Jared and Ivanka have been strategically scarce,
though Ivanka did flutter into view, in a fashion, when President Trump boasted two weeks ago that she had created 14
million jobs since the inauguration. “Fourteen million and going up!” he
clarified, lest anyone get the misimpression that she thought her work was
done. Never! On behalf of the American people, Ivanka is tireless. There’s no
rest for the weary, and there’s even less of it for those who live at the
crossroads of self-infatuation and delusion.
In an interview last month on Fox Business, Ivanka said
that she and Dad were “fighting every day for the American worker” and that she
was determined to “drive hard every single day to make an impact.”
“Your
time and service — our time here — is finite,” she mused, and while I’d love to
believe that she was prophesying her and her father’s imminent eviction from
the White House, I think she was referring, in her deeply spiritual way , to the span of a human life.

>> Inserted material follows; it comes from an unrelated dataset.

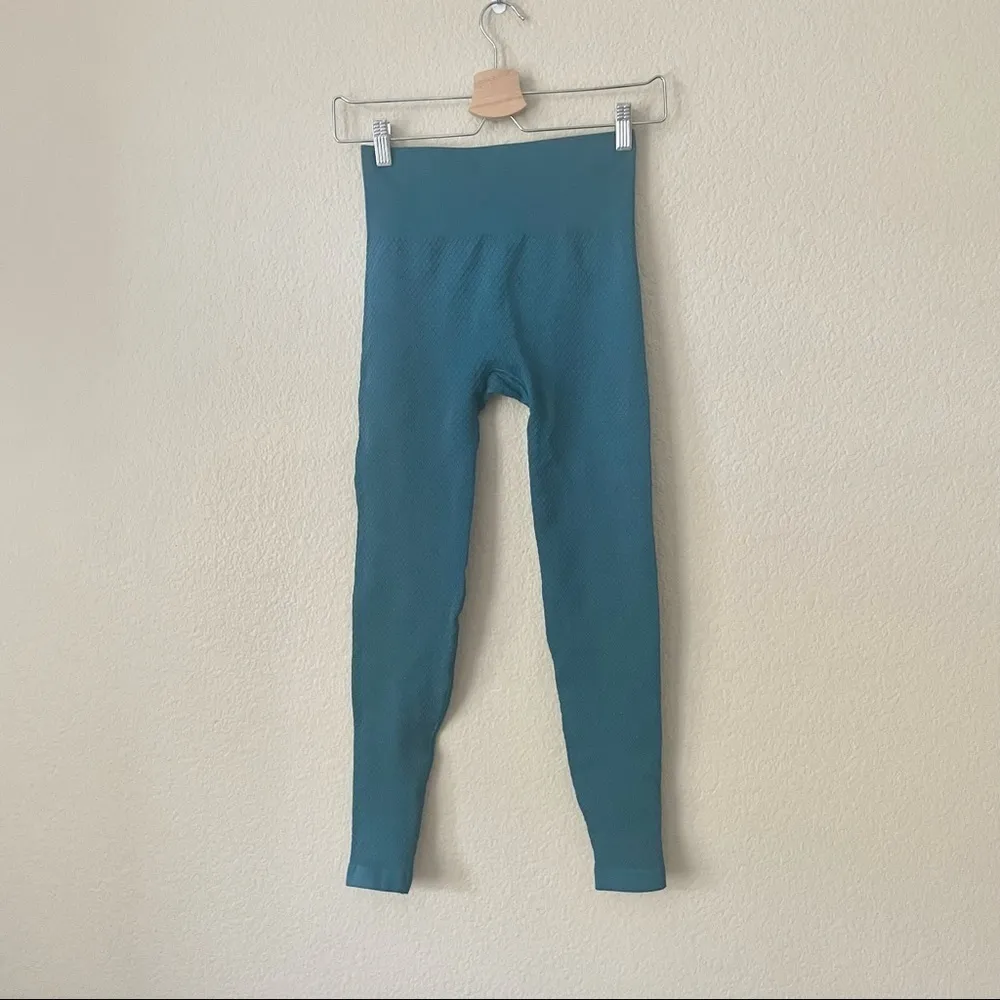 Balance Athletica Topaz Quartz Energy Pant Leggings Teal Seamless - Image 3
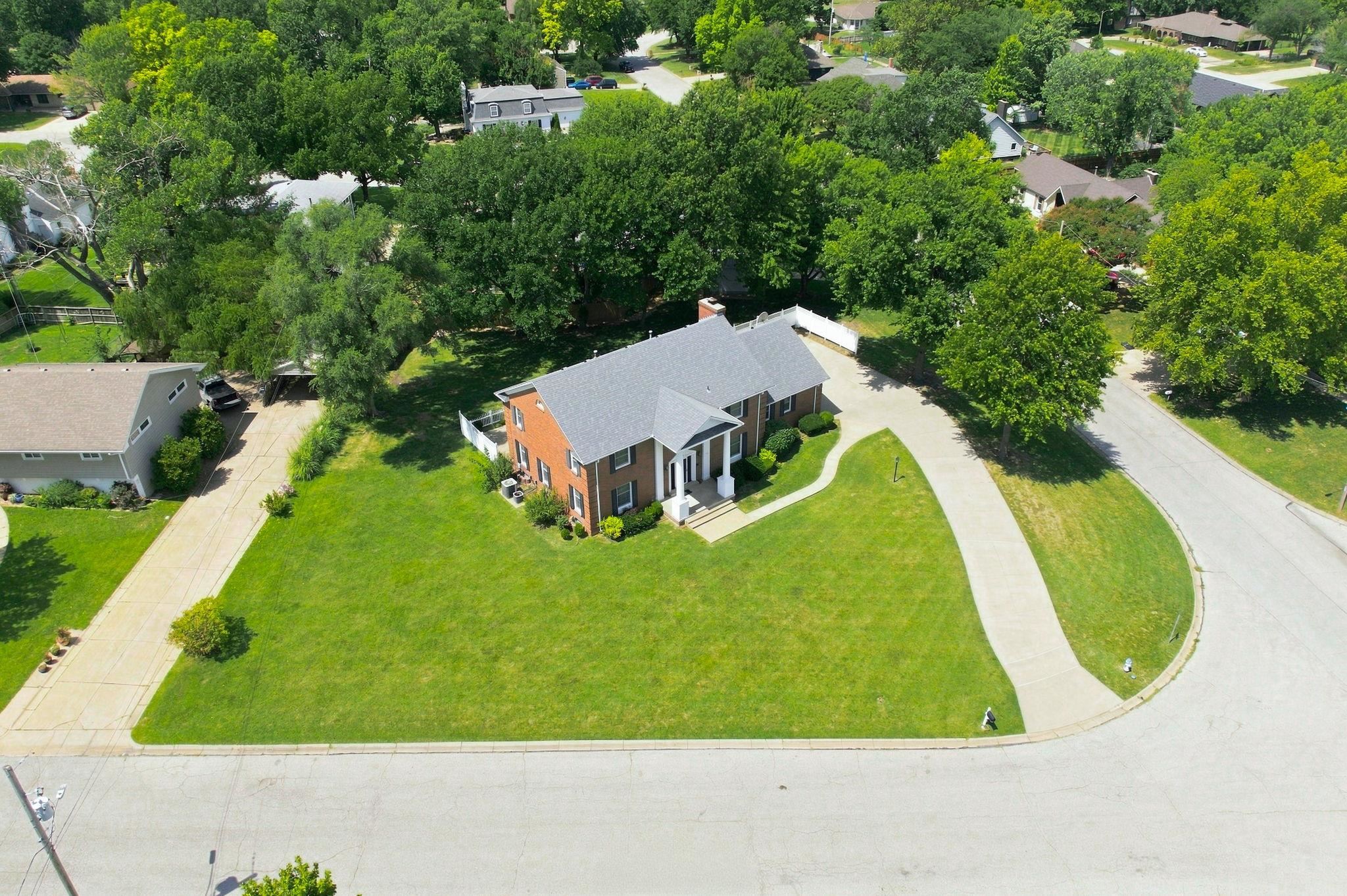 1861 Chelsea Dr, El Dorado, KS, 67042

“It’s sand through an hourglass.” As Ivanka serves us, she never forgets the
sand.
Democrats believe that the Trump administration’s
void of ethics will sour American voters on the president. But those voters are
likelier to abandon him for the administration’s vacuum of competence — for his
nonsensical managerial style, captured in his magical thinking about Jared.
He tasked
Jared with reinventing the federal government. Unless constant rash firings,
unfilled jobs and shakedowns of foreign governments constitute reinvention, this
remains on Jared’s infinite to-do list . The president put Jared in
charge of brokering a durable peace between Israelis and Palestinians. Insert
punch line here. He followed Jared’s counsel that faith be placed in Saudi Arabia and its crown
prince, Mohammed bin Salman. We know how that worked out.
The
president somehow looked at that track record and decided that the dynamo he
should entrust with his central campaign
promise — a secure barrier between the United States and Mexico — was … Jared!

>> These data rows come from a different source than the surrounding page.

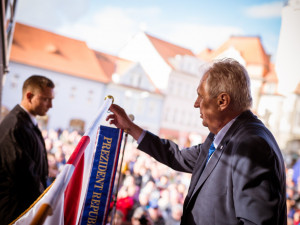 Zeman považuje za chybu, že citoval článek, který nelze najít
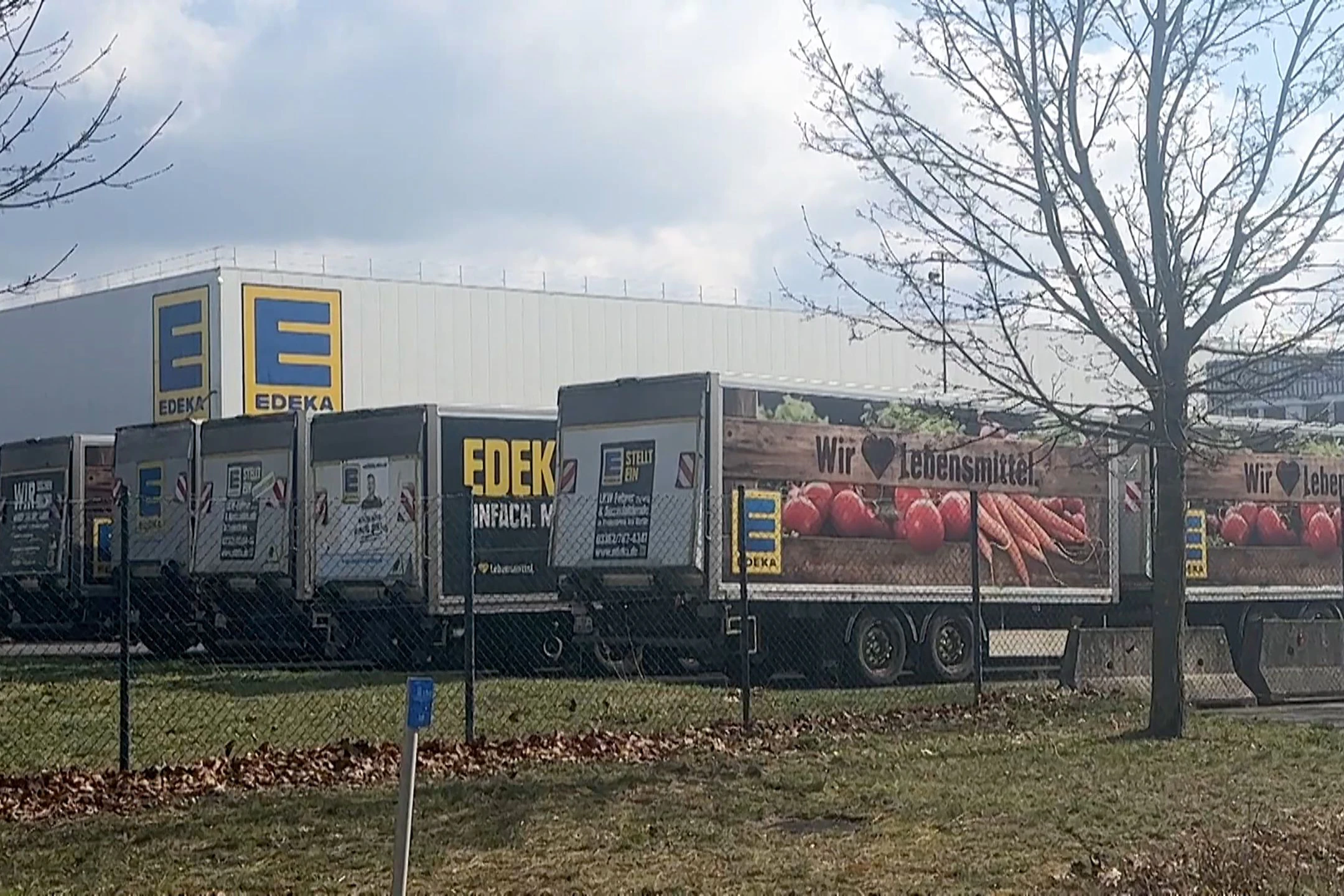 Nach dem Stromausfall in der Region Grünheide wegen eines Brandanschlags auf Tesla ist auch der Betrieb in einem großen Logistikzentrum der Handelskette Edeka gestört. Supermärkte konnten nur eingeschränkt beliefert werden.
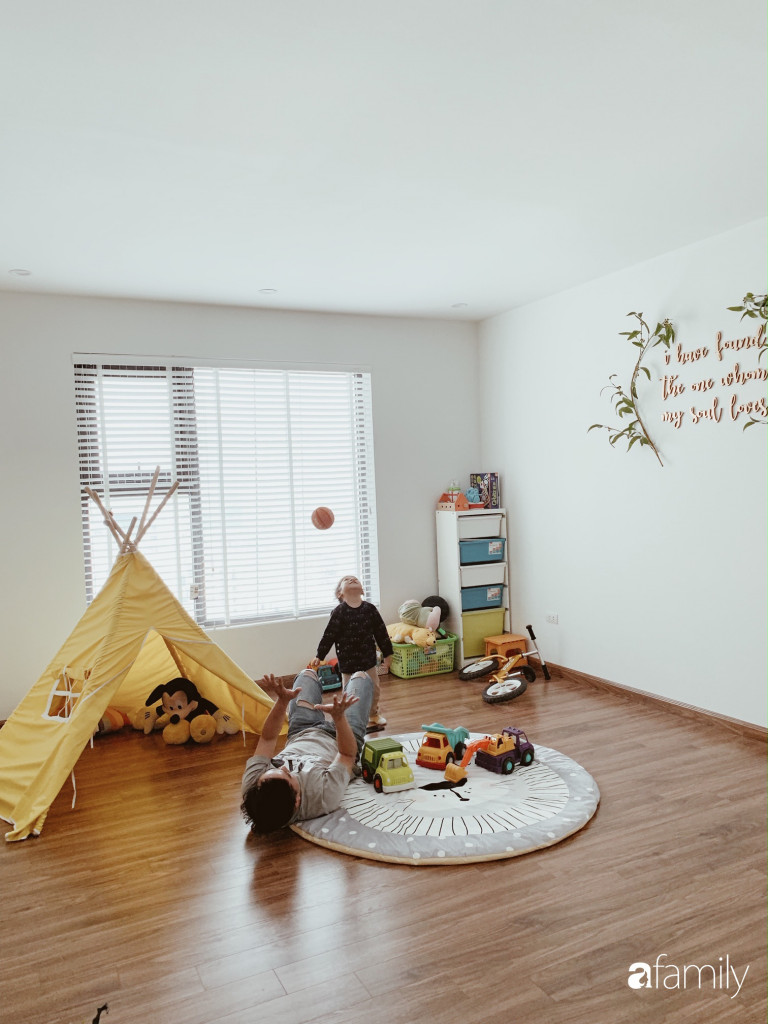 Không gian của con được bày biện đơn giản với thảm, khu vực kệ cất trữ đồ chơi và cửa sổ thông thoáng đón nắng gió bên ngoài. Bố mẹ có thể thoải mái vui chơi cùng con.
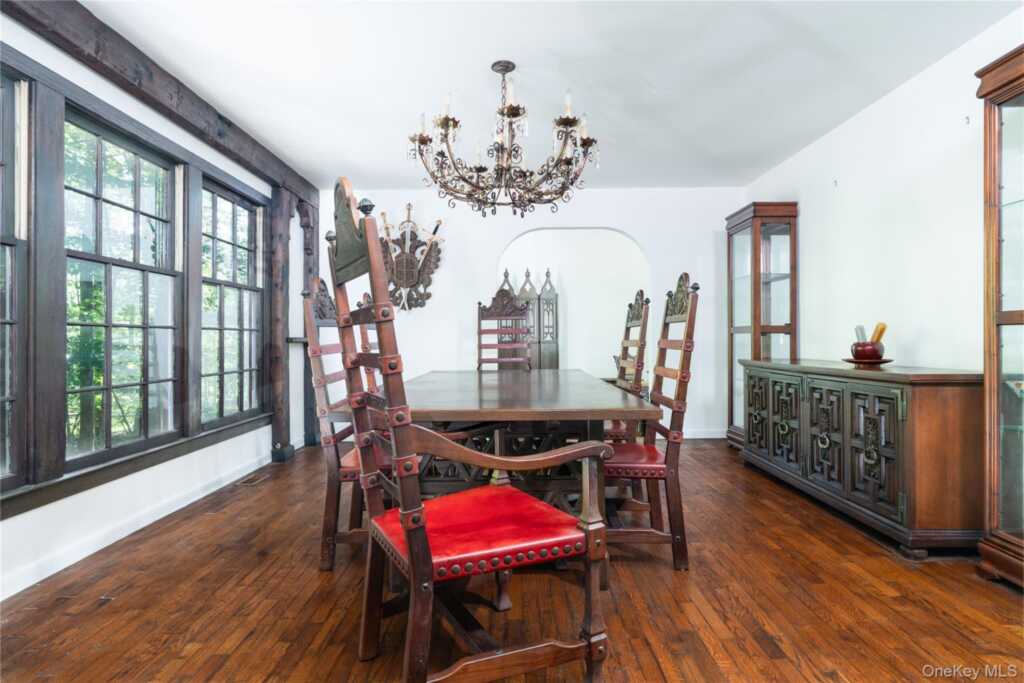 23 Rolling Way, New City, NY 10956 - Photo 14 of 47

And so we have the trillionth gorgeous example of his investment in fiction.
Nearly
three years into Trump’s presidency, the border wall barely exists. Subtract
the upgrading of fencing and such that was already there and Trump has, by some recent estimates ,
constructed
fewer than 25 miles of actually new barrier. The southwestern border is nearly
2,000 miles long.
But Jared
is on the case! According to The Post, he “convenes biweekly meetings in the
West Wing, where he questions an array of government officials about progress”

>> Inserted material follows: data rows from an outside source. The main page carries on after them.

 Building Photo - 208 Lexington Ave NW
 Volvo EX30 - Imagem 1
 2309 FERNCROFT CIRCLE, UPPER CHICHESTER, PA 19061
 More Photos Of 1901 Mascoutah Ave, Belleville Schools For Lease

and “explains the president’s wishes.” Huh. Those wishes are hardly cryptic,
and how complicated can this questioning be? Already, The Post reported,
there’s grumbling that Jared is just an annoyance.
That
belittles his symbolic significance. Many journalists, including me, have tried
to settle on the perfect mascot for the Trump administration. There are choices
galore. The greedy, vainglorious Scott Pruitt, who did his best to decimate the
Environmental Protection Agency, fit the bill , but he’s long gone. Mike Pompeo embodies the Faustian arc of so many of the
president’s aides and allies, from principle-driven dismissal of Trump during
the 2016 campaign to reputation-torching submission when he dangled a ticket to
the big time.
But for
naked opportunism and situational scruples, Jared’s my guy. Remember how he and
Ivanka were going to contain the president’s ego, blunt his cruelty, whisper
sweet moderation in his ear? That was then. Now he’s devoting himself to an
exorbitant, unnecessary monument to Trump’s nativism and xenophobia.
There’s
an upside, though. With Jared in the saddle, this horse won’t go far.